TASK INSTRUCTIONS> Return all the lines below exactly as written. Drop every picture.
[[ COLLECTED MATERIAL, beginning ]]
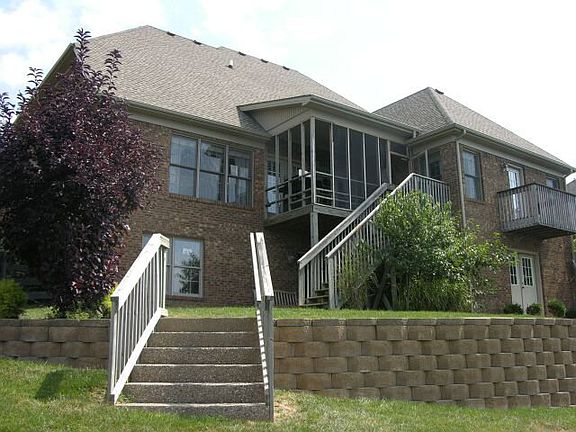 3rd image of 364 Highland Lakes Dr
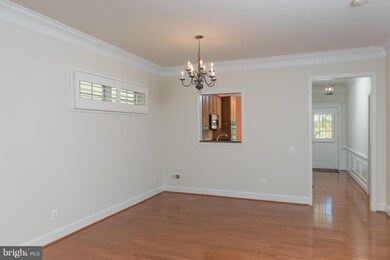 8913 Periwinkle Blue Ct, Lorton, VA 22079 - photo 3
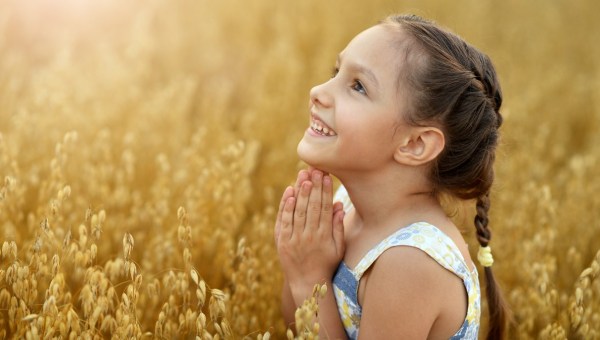 Un enfant qui prie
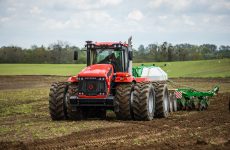 Трактор: обзор современных моделей и их применение в сельском хозяйстве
[[ COLLECTED MATERIAL, end ]]
OUTPUT BELOW>
 3rd image of 364 Highland Lakes Dr
 8913 Periwinkle Blue Ct, Lorton, VA 22079 - photo 3
 Un enfant qui prie
 Трактор: обзор современных моделей и их применение в сельском хозяйстве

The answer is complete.